Em 1934, é citado mais duas vezes. No ano seguinte, aparece de novo uma vez só. É a prova de que estava ainda longe de se tornar artigo de consumo popular. Acostumadas ao leite fresco, as cozinheiras resistiram um bom tempo antes de adotar o produto enlatado. A difusão do leite condensado entre as donas de casa (é assim que se dizia na época) só ganhou força a partir dos anos 1950.

Na Europa, leite condensado não é produto de grande consumo. Nas raras vezes em que comprei, tive de perguntar pra saber em que gôndola estava escondido. Costuma ser apresentado em dois tipos de embalagem: latinha e tubo (do tamanho do tubo de maionese). Há ainda duas opções: com açúcar e sem. O que não contém açúcar é mais vendido que o adoçado.

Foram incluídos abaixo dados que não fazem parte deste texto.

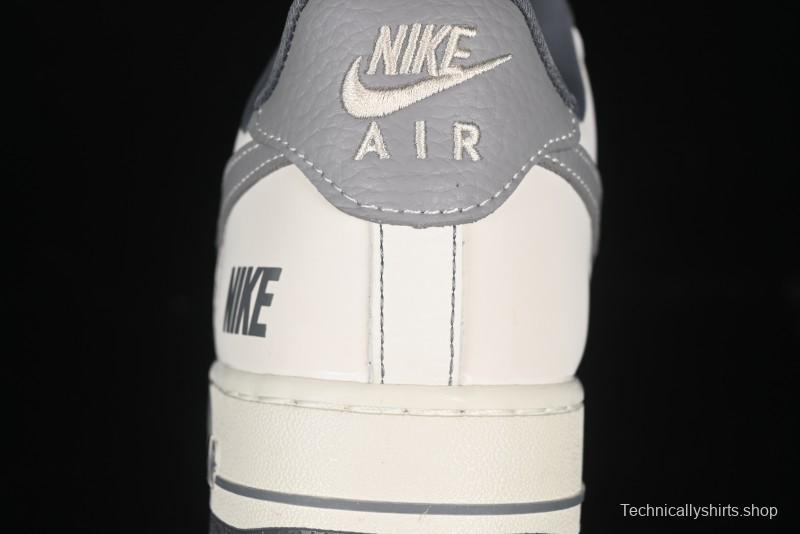 Nike Air Force 1 '07 Low Casual Sneakers in Cream Grey with Full-Length Air Cushion - SC9207-534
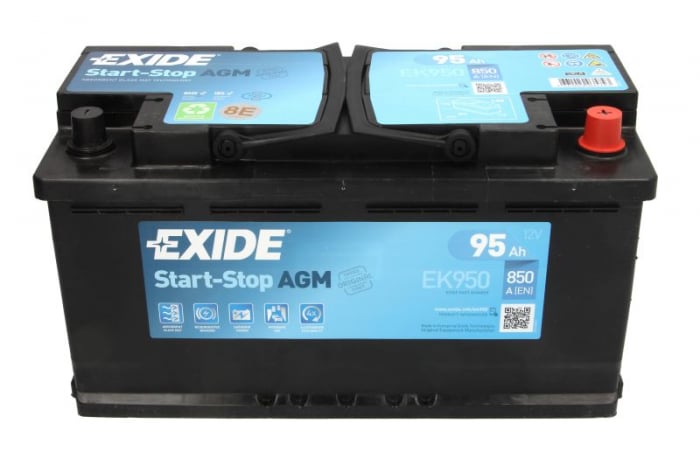 Baterie EXIDE 12V 95Ah/850A START&STOP AGM (R+ Borna standard) 353x175x190 B13 - flansa montare 10.5 mm  [3]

A razão é simples. Em princípio, leite condensado é visto como substituto do leite fresco. Para pessoas que gostam de tomar café com pouquíssimo leite, não é interessante comprar leite de caixinha. Vai estragar antes de ser consumido. Esse cliente prefere comprar leite condensado de tubinho. Usa um pouco de cada vez, põe a tampa, e o produto não estraga.

CONDENSADO

Conforme o país e determinadas características de fabrico, a denominação varia: leite condensado, leite concentrado ou leite evaporado. Na culinária europeia, não é ingrediente constante. Continua sendo visto, não como um produto em si, mas como substituto do leite fresco. Não frequenta os livros de doçaria. É produto para se ter guardado no fundo da prateleira para alguma emergência.

Se, por milagre, minha avó ressuscitasse, havia de levar muitos sustos. Como primeira providência, ela certamente sairia correndo pra comprar um jornal, que sempre foi um hábito diário.

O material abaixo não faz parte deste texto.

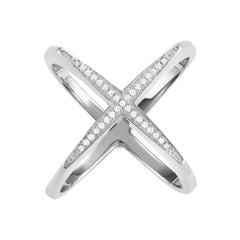 Sterling Silver CZ Wide Boxy X Ring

Havia de ficar encantada de encontrar um mundo bem mais colorido do que o que ela conheceu. É verdade que automóveis perderam a cor e se limitam hoje a preto, branco, tons de cinza e algum bordô. Em compensação, os jornais perderam a monotonia do preto e branco e são impressos em cores. A tevê também – que era um chuvisqueiro cinzento – ganhou cores vivas. E as roupas, então! Uma policromia!

No entanto, ele havia de ficar assustada de ver que o Brasil tem agora um presidente que solta palavrão em público. E palavrão pesado, daqueles que, quando aparecem no jornal, vêm com tarja preta.

E havia de ficar abismada de ler, por detrás da tarja acanhada, as palavras presidenciais. E havia de ficar aterrada ao perceber que o presidente sugeriu à imprensa enfiar leite condensado num lugar que, (apesar de ela não captar direito qual poderia ser), intuiu que fosse impublicável. E enfiar com lata e tudo!

Pasma com o desvio de finalidade de um produto que já foi precioso, raro e caro, não tenho dúvida: ela pediria imediatamente pra ser levada de volta ao lugar de onde veio. E remataria em seu mineirês do século 19: «Arre! Este mundo não serve mais pra mim não, gente. Me deixa muito aflita! Ocês, que são brancos, que se entendam. A conversa tá muito boa, mas eu já vou indo.»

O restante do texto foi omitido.